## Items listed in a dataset
****************************************
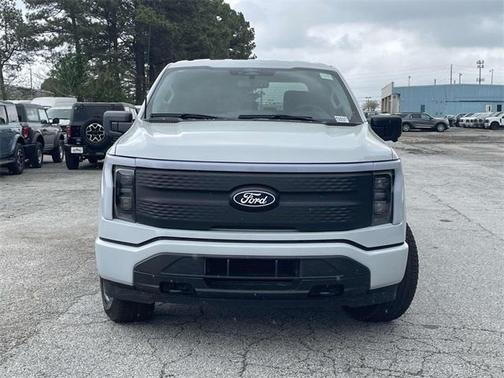 2025 Ford F-150 Lightning XLT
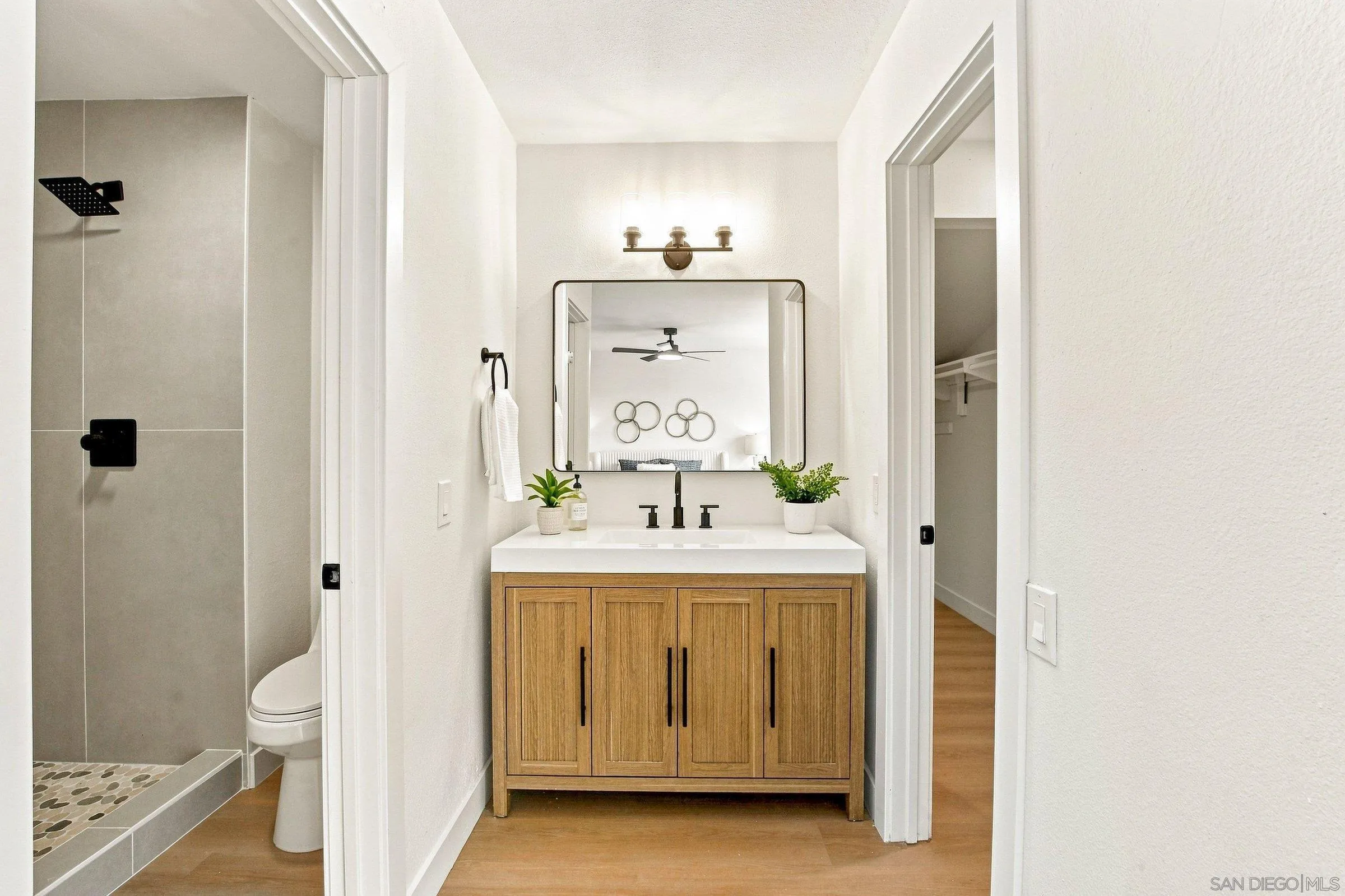 https://cdn.realtyfeed.com/cdn/127/260019751/8087590d15cd0a7c3c0ddf342f04496e.webp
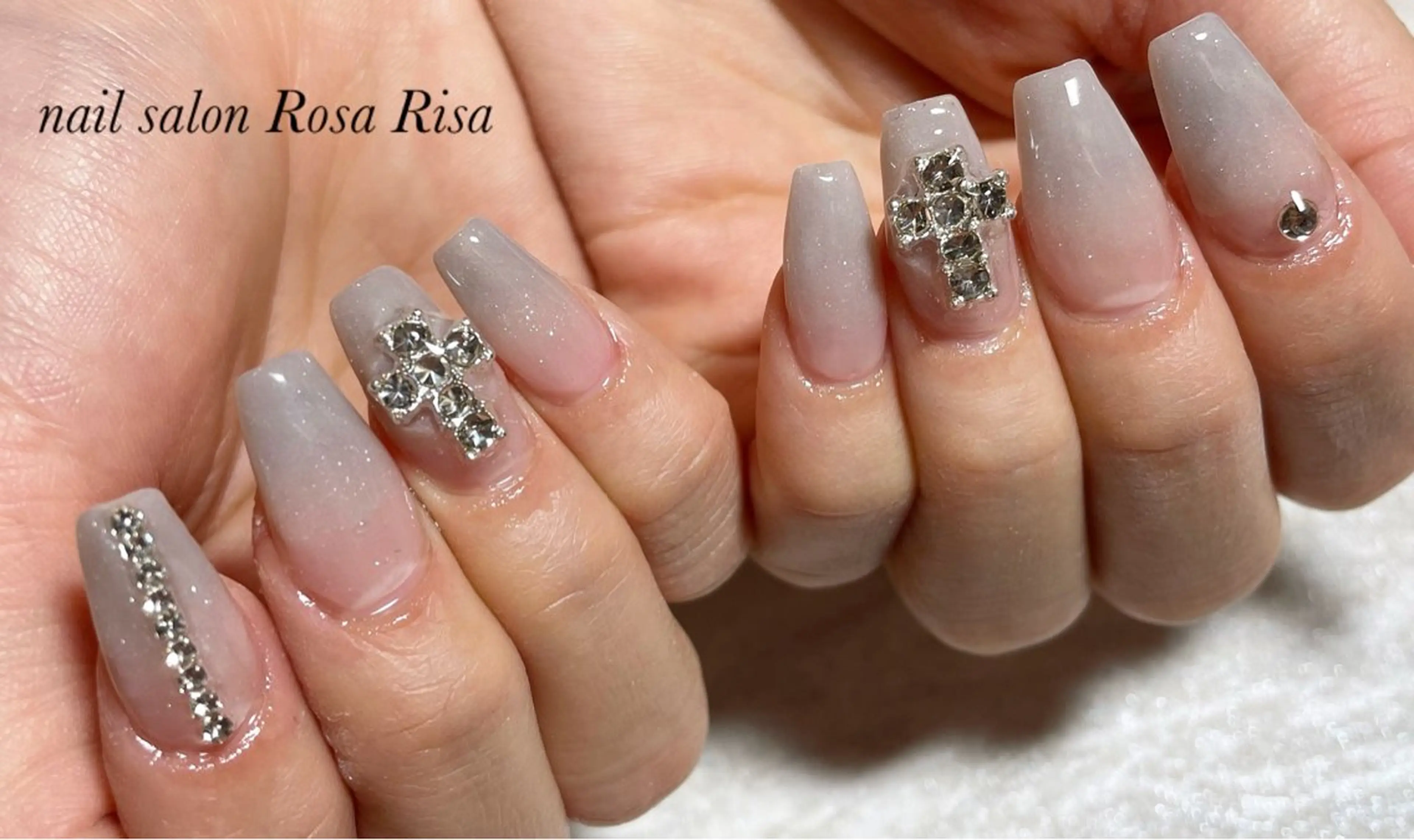 ネイル ネイルスタジオ シェイクユアハンズのネイルデザイン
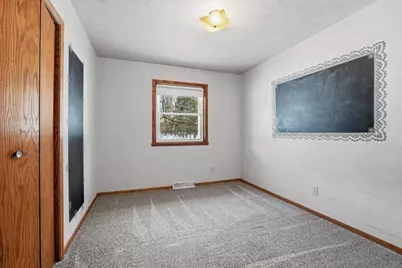 1051 Custer Square, Stevens Point, WI 54482 - Photo 29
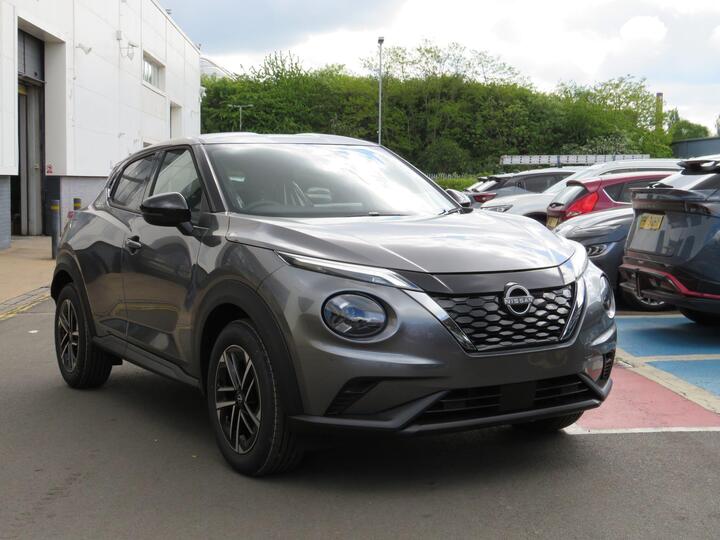 Nissan Juke 1.6 N-Connecta Auto Euro 6 5dr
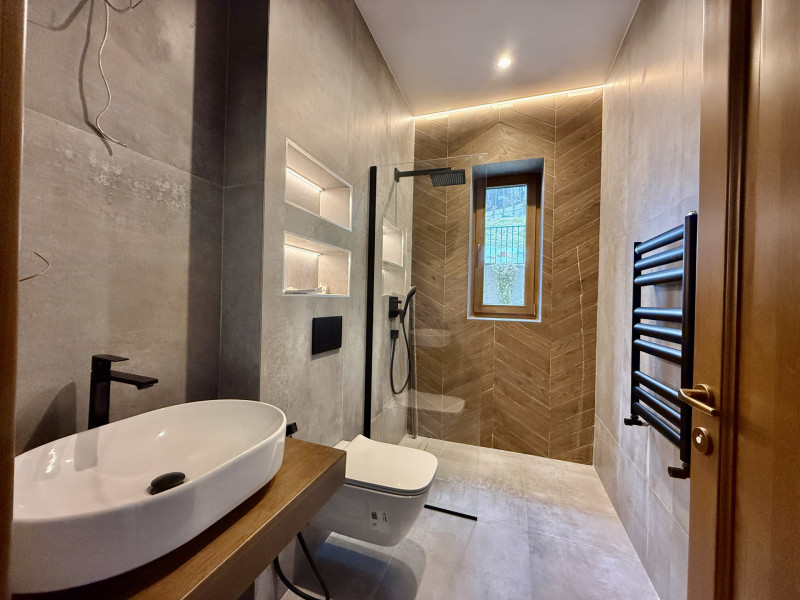 Apartament la parter cu gradina proprie, în Foresti Sinaia. În inima naturii
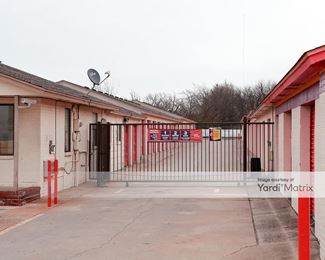 Photo 2 of Public Storage - 8012 South Santa Fe, Oklahoma City, OK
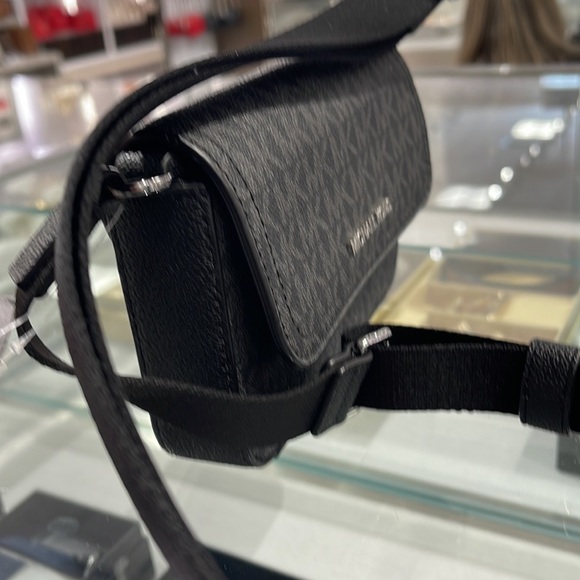 MICHAEL KORS
COOPER EW Phone XBody 
Black 
NWT - Picture 13 of 16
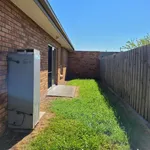 Rent 3 bedroom apartment in Melbourne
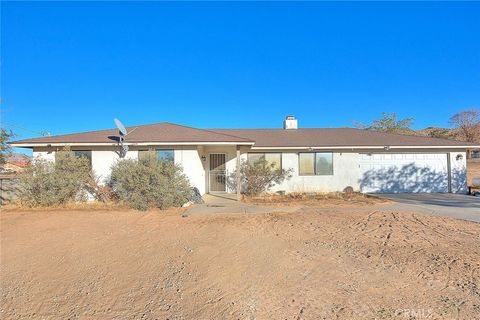 Photo of 14811 Kingsdale Rd, Apple Valley, CA 92307 (MLS # CV25247129)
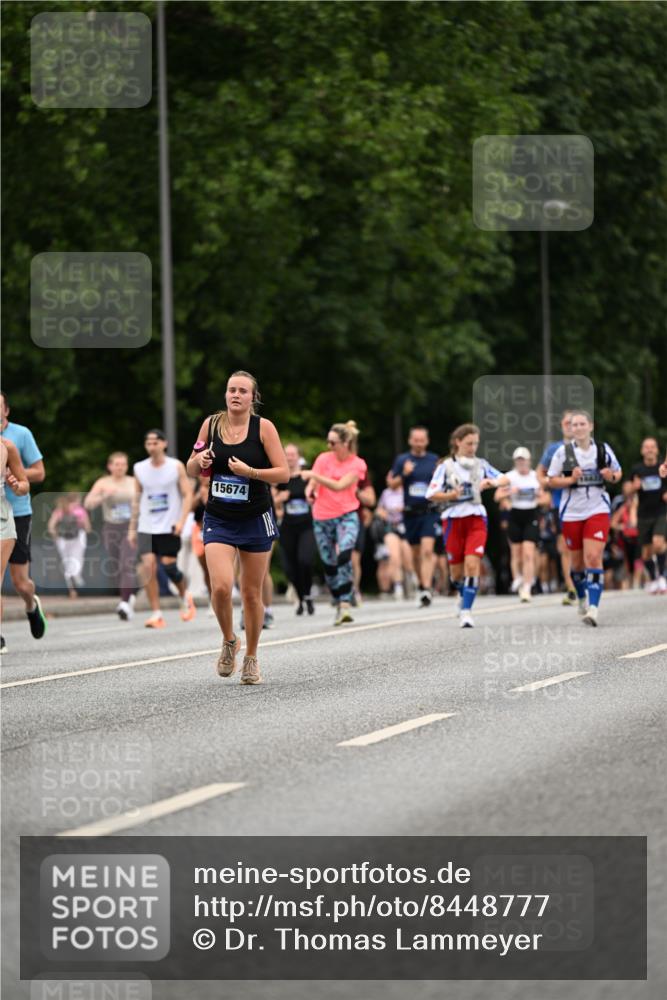 29.06.2025 - hella hamburg halbmarathon Dr. Thomas Lammeyer http://msf.ph/oto/8448777 29.06.2025 10:58:54 Kennedybrücke 1779, 1822, 2600, 3364, 3857, 4039, 4720, 5185, 5309, 5815, 5856, 5933, 6279, 6583, 6987, 6988, 7670, 7874, 7946, 7986, 9130, 9764, 11354 meine-sportfotos.de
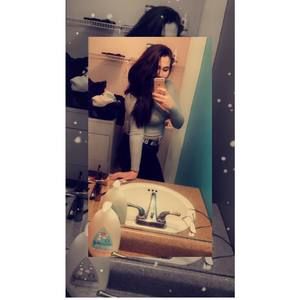 Meet your Posher, Jasmine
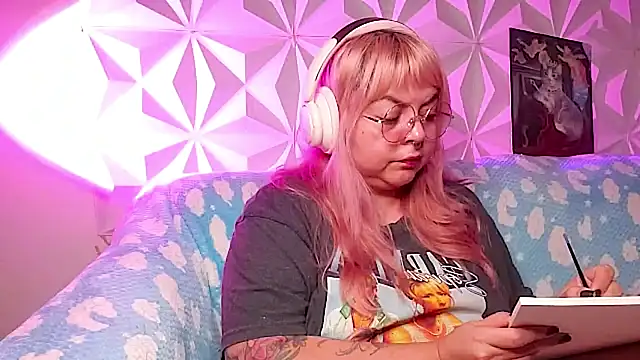 Satyn_doll webcam show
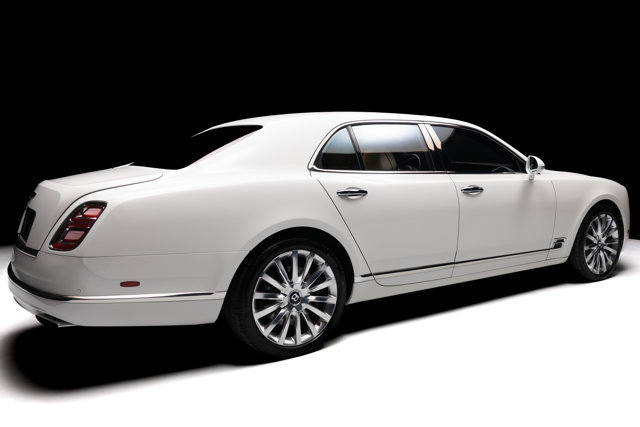 Used 2017 Bentley Mulsanne RWD image 4
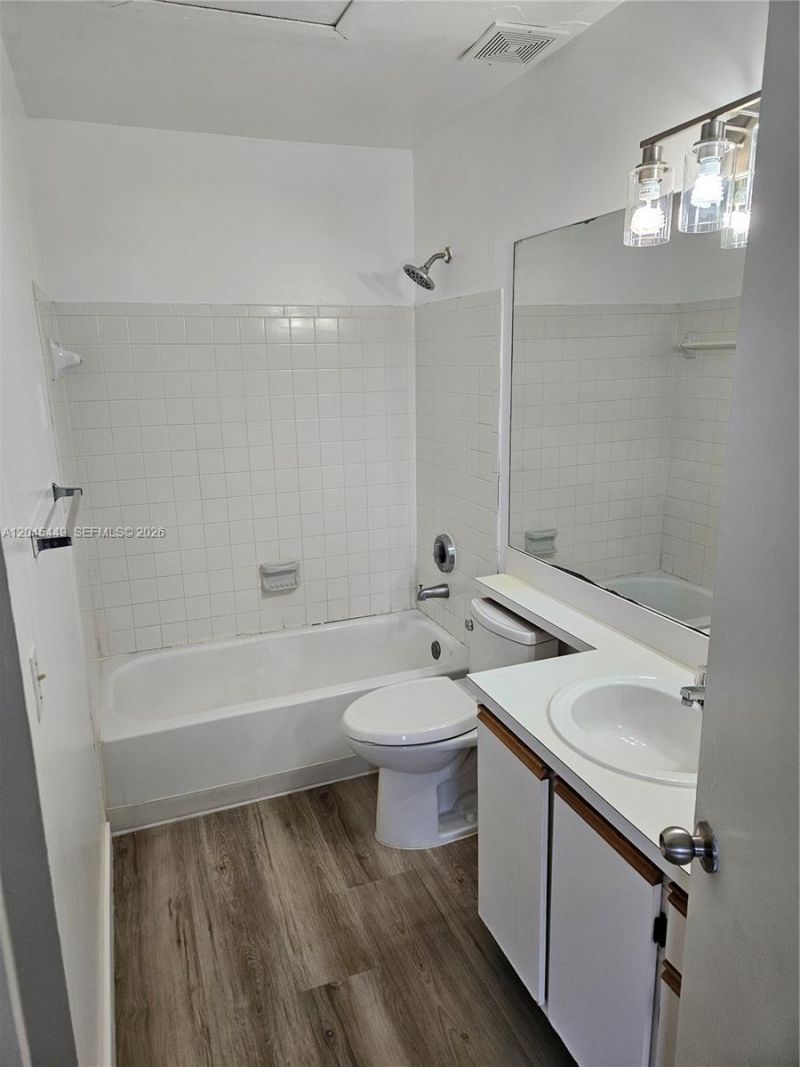 18306 NW 68th Ave , Unit H, Hialeah, FL 33015 Photo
****************************************
## WHAT TO WORK ON
Copy the data word for word and omit every picture.

## SOLVED PROBLEM
 2025 Ford F-150 Lightning XLT
 https://cdn.realtyfeed.com/cdn/127/260019751/8087590d15cd0a7c3c0ddf342f04496e.webp
 ネイル ネイルスタジオ シェイクユアハンズのネイルデザイン
 1051 Custer Square, Stevens Point, WI 54482 - Photo 29
 Nissan Juke 1.6 N-Connecta Auto Euro 6 5dr
 Apartament la parter cu gradina proprie, în Foresti Sinaia. În inima naturii
 Photo 2 of Public Storage - 8012 South Santa Fe, Oklahoma City, OK
 MICHAEL KORS
COOPER EW Phone XBody 
Black 
NWT - Picture 13 of 16
 Rent 3 bedroom apartment in Melbourne
 Photo of 14811 Kingsdale Rd, Apple Valley, CA 92307 (MLS # CV25247129)
 29.06.2025 - hella hamburg halbmarathon Dr. Thomas Lammeyer http://msf.ph/oto/8448777 29.06.2025 10:58:54 Kennedybrücke 1779, 1822, 2600, 3364, 3857, 4039, 4720, 5185, 5309, 5815, 5856, 5933, 6279, 6583, 6987, 6988, 7670, 7874, 7946, 7986, 9130, 9764, 11354 meine-sportfotos.de
 Meet your Posher, Jasmine
 Satyn_doll webcam show
 Used 2017 Bentley Mulsanne RWD image 4
 18306 NW 68th Ave , Unit H, Hialeah, FL 33015 Photo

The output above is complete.